Provided records:
--
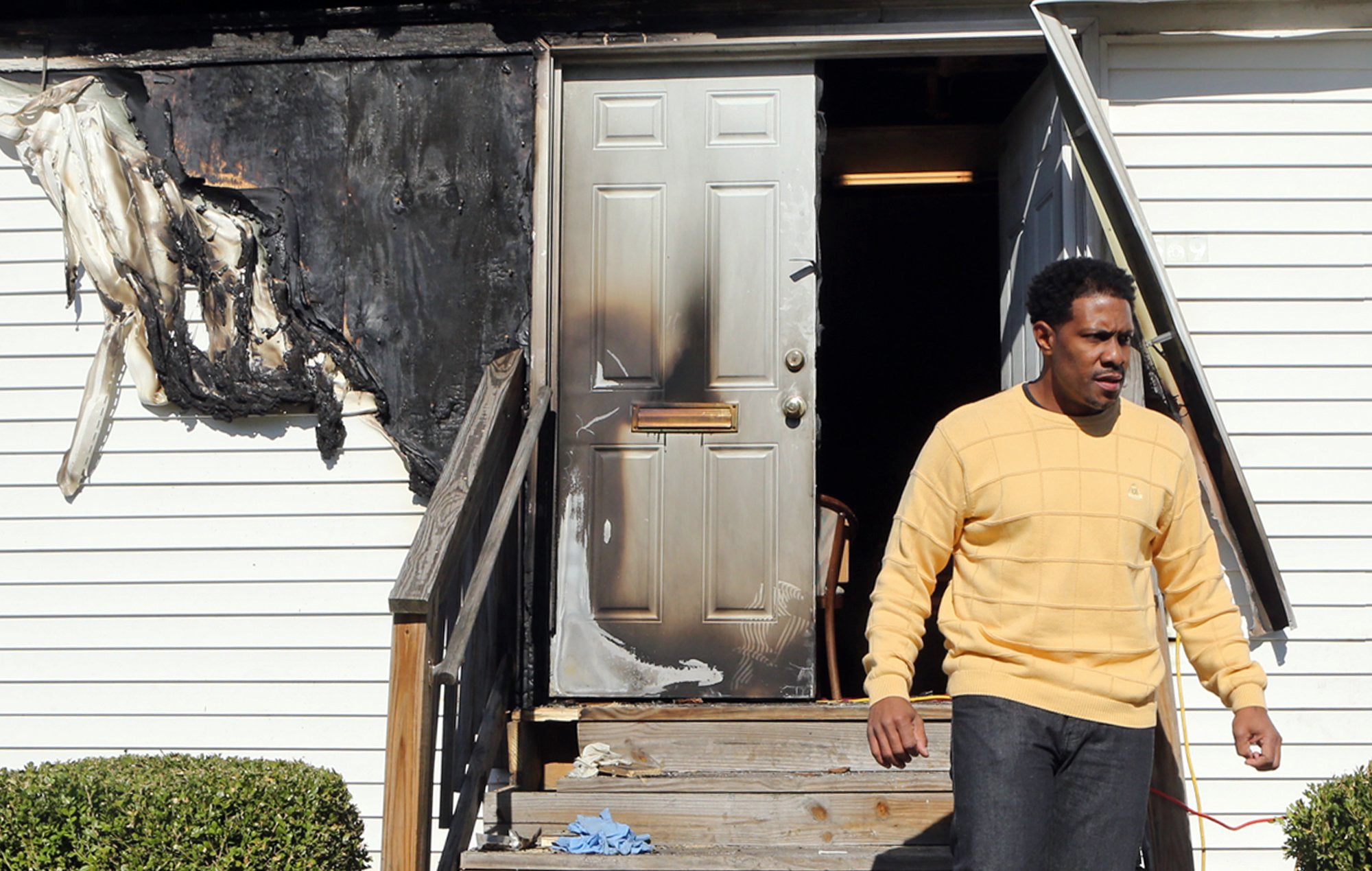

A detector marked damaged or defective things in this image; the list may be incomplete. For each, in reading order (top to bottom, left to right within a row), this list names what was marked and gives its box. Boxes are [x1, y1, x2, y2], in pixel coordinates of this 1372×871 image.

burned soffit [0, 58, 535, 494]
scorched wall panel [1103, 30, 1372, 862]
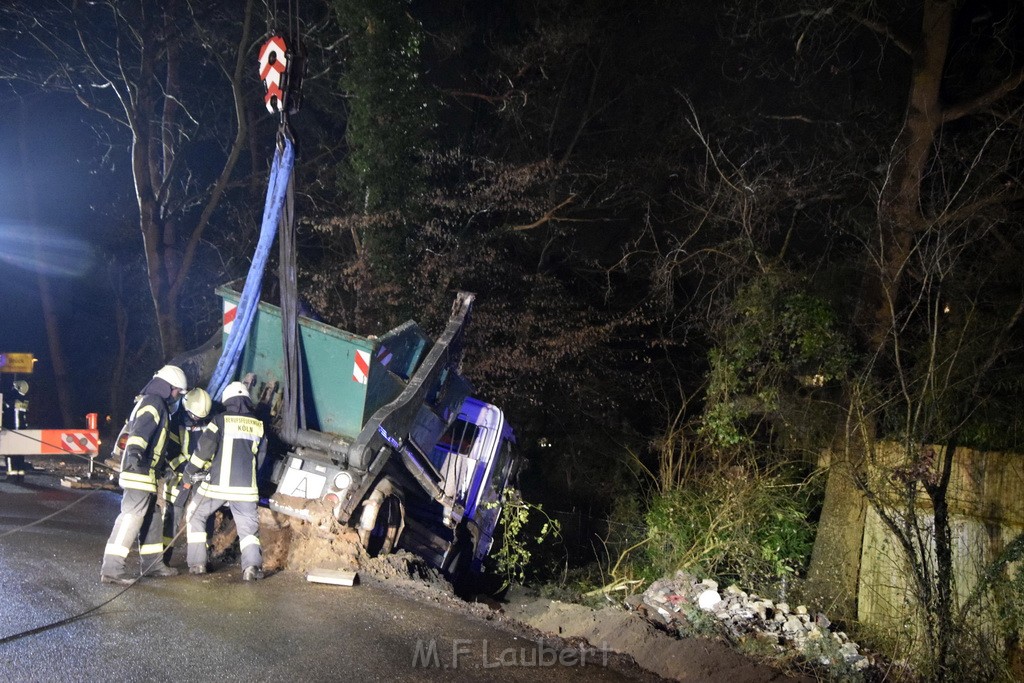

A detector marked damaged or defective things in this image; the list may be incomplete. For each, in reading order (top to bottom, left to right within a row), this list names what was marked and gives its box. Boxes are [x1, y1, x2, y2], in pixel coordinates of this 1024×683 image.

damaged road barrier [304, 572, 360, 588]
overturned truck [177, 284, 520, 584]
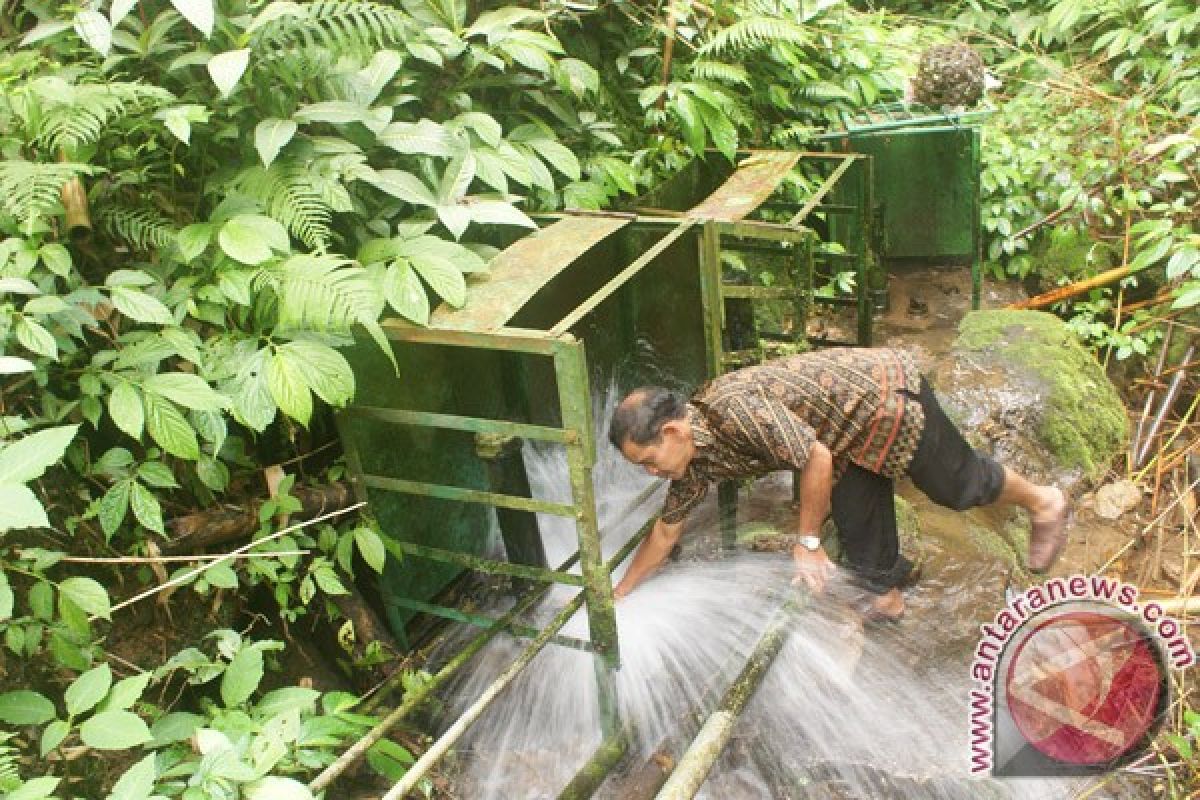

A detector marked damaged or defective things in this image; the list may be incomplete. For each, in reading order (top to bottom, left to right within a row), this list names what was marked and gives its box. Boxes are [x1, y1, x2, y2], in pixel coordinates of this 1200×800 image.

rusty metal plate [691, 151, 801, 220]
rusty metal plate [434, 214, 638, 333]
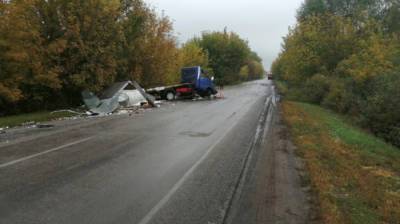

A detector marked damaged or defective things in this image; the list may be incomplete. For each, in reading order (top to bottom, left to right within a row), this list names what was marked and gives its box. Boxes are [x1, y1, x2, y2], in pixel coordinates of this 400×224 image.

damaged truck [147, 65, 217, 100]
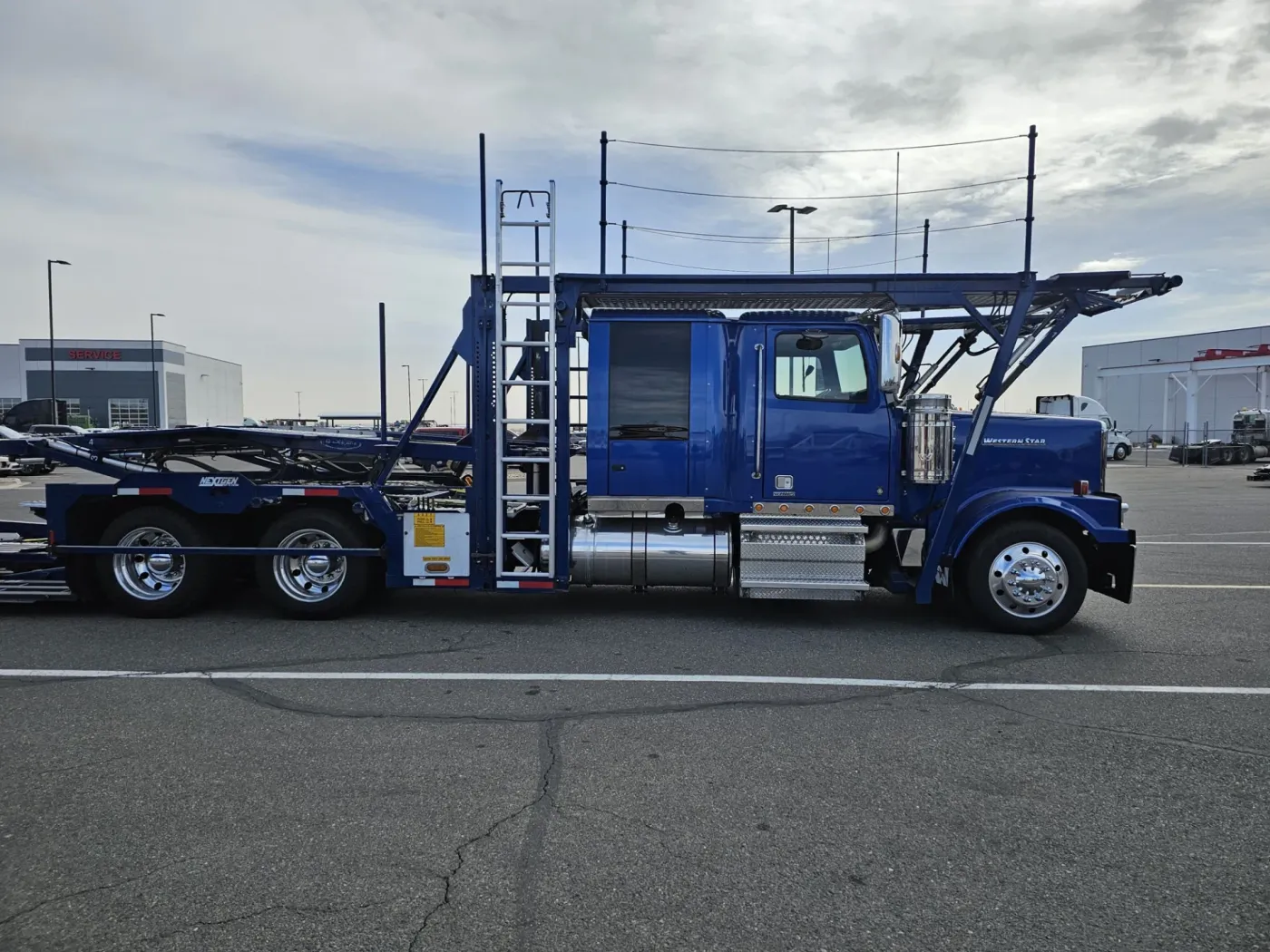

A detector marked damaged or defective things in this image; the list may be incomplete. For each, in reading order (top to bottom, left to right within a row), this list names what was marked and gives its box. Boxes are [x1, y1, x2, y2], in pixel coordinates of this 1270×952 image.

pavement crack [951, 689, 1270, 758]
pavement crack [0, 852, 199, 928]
--
Exercise directions:
No pictures should appear in the copy. Print exactly the lines above from the line containing "this 400×224 image." through the last line of the data.

Exercise response:
A detector marked damaged or defective things in this image; the list may be incomplete. For each, in reading order (top to bottom, left to right within a row), this list names what was marked and gives its box. Boxes are [x1, y1, x2, y2], in pixel coordinates of this 400×224 image.

damaged truck [147, 65, 217, 100]

A detector marked damaged or defective things in this image; the list may be incomplete. For each, in reading order (top to bottom, left to right within a row), this list names what was marked and gives its box. Boxes are [x1, y1, x2, y2], in pixel coordinates of this 1270×952 image.

pavement crack [951, 689, 1270, 758]
pavement crack [0, 852, 199, 928]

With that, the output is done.